Однако сцена показалась менее идилличной, когда я вспомнил ее полвека спустя. Все было отнюдь не так безобидно, как я полагал, ибо в глубине скрывалась политическая подоплека. Штат Огайо в 1940-м находился в стороне от главных событий, и большинство из тех, кто сидел на лужайке, считали, что после двадцати лет мирной жизни Америке не имеет смысла втягиваться в новую европейскую войну. Я разделял эту точку зрения, но в отличие от них был радикалом.

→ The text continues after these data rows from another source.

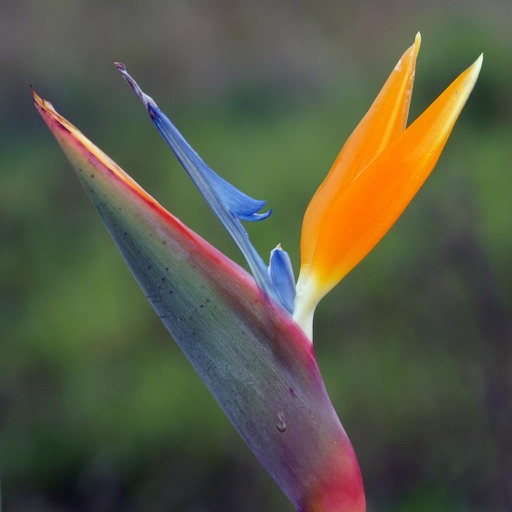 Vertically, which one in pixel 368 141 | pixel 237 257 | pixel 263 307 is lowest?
pixel 237 257

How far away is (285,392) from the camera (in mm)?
618

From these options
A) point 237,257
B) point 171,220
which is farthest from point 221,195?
point 237,257

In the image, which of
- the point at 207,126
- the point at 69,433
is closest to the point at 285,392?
the point at 69,433

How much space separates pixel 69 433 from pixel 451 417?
827 mm

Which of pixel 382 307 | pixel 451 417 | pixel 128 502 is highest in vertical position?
pixel 382 307

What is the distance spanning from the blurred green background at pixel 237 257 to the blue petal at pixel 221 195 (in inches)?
38.4

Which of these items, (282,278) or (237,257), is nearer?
(282,278)

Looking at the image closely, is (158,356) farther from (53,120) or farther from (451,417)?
(53,120)

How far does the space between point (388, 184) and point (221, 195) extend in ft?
0.38

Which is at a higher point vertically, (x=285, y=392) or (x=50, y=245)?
(x=285, y=392)

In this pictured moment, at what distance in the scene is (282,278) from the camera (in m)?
0.64

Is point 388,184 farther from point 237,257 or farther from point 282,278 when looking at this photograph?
point 237,257

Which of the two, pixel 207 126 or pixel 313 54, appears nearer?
pixel 207 126

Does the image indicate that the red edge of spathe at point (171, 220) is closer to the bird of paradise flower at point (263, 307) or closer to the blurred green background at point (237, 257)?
the bird of paradise flower at point (263, 307)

Спор между Германией и Англией с Францией представлялся вариантом застарелого империалистического конфликта, доставшегося в наследство от первой мировой войны, одним из последних вздохов саморазрушающейся капиталистической системы. Собравшиеся на лужайке гости могли критиковать капитализм, но все-таки безоглядно верили в него. К тому же некоторые полагали, что, выступая за неучастие в войне, они срывают планы международного еврейского заговора банкиров вовлечь Америку в войну.

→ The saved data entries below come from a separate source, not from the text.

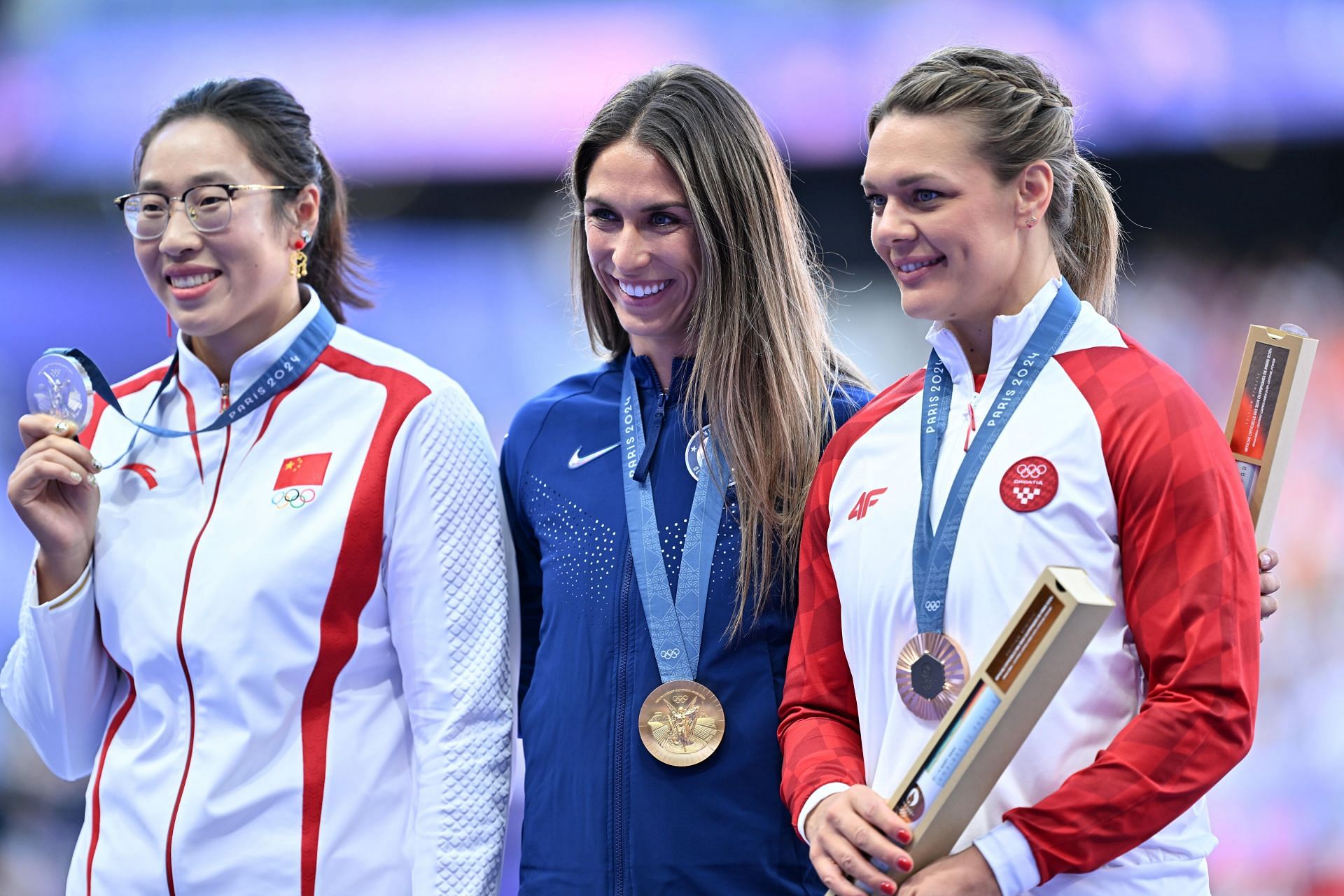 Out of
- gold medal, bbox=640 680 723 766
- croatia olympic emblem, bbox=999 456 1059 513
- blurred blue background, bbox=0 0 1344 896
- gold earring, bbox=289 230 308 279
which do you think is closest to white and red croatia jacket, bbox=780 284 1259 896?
croatia olympic emblem, bbox=999 456 1059 513

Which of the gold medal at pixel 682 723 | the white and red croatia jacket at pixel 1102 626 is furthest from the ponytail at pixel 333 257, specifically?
the white and red croatia jacket at pixel 1102 626

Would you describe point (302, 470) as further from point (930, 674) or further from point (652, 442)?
point (930, 674)

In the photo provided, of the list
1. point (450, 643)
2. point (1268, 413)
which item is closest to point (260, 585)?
point (450, 643)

Эта мысль незаметно стала главной темой проповедей, которые читал по радио, собирая самую большую аудиторию в мире, падре Чарлз Кафлин. В 1940 году он доверительно убеждал десять миллионов своих исстрадавшихся от Депрессии соотечественников, что президент — лжец, который, что было самое невероятное, одновременно продался и еврейским банкирам, и еврейским коммунистам, отребью, за двадцать лет до этого устроившему революцию в России и обещавшему повторить ее в «Вашингтонске» — так он называл этот город. Я видел, как, приложив ухо к своему «Филко», мистер Слеттери удовлетворенно покачивал головой, посмеиваясь над зловещим юмором падре. Как и большинство людей на лужайке, его приучили верить, что фашизм — это всего лишь средство защиты германской нации от угрозы коммунизма, что Гитлер выступает против «плохих» евреев, особенно выходцев не из Германии, и «плохих» неевреев, приверженцев прогрессивных идей. Разве могли те, на лужайке, знать, что Кафлин слово в слово повторяет переведенные на английский редакционные статьи министра пропаганды нацистской Германии Йозефа Геббельса из «Уорлд сервис», издаваемого немецким правительством официального идеологического листка. Однако, узнай они об этом, вряд ли бы что-нибудь изменилось. Их огорчало, что, кроме вопроса о неучастии Америки в войне, во всех остальных мы с ними расходились, не говоря о том, сколь непривычна была для них подобная двойственность взглядов. Каждое поколение, оглядываясь назад, тоскует по тем временам, когда все было проще и яснее, но с 1940-м, годом окончания моей холостяцкой жизни и концом Депрессии, действительно совпал кризис наивного демократического идеализма, которым мы были увлечены перед лицом надвигавшейся угрозы фашизма. По крайней мере мы это так ощущали в Нью-Йорке. Но чем дальше в глубинку, тем притягательнее выглядел Гитлер, представая этаким воинственным германским лидером, готовым отомстить за поражение страны в 1918 году. По зрелом размышлении эта задача могла показаться даже не лишенной некоторого благородства, и уж во всяком случае не дело Америки было вмешиваться во все это.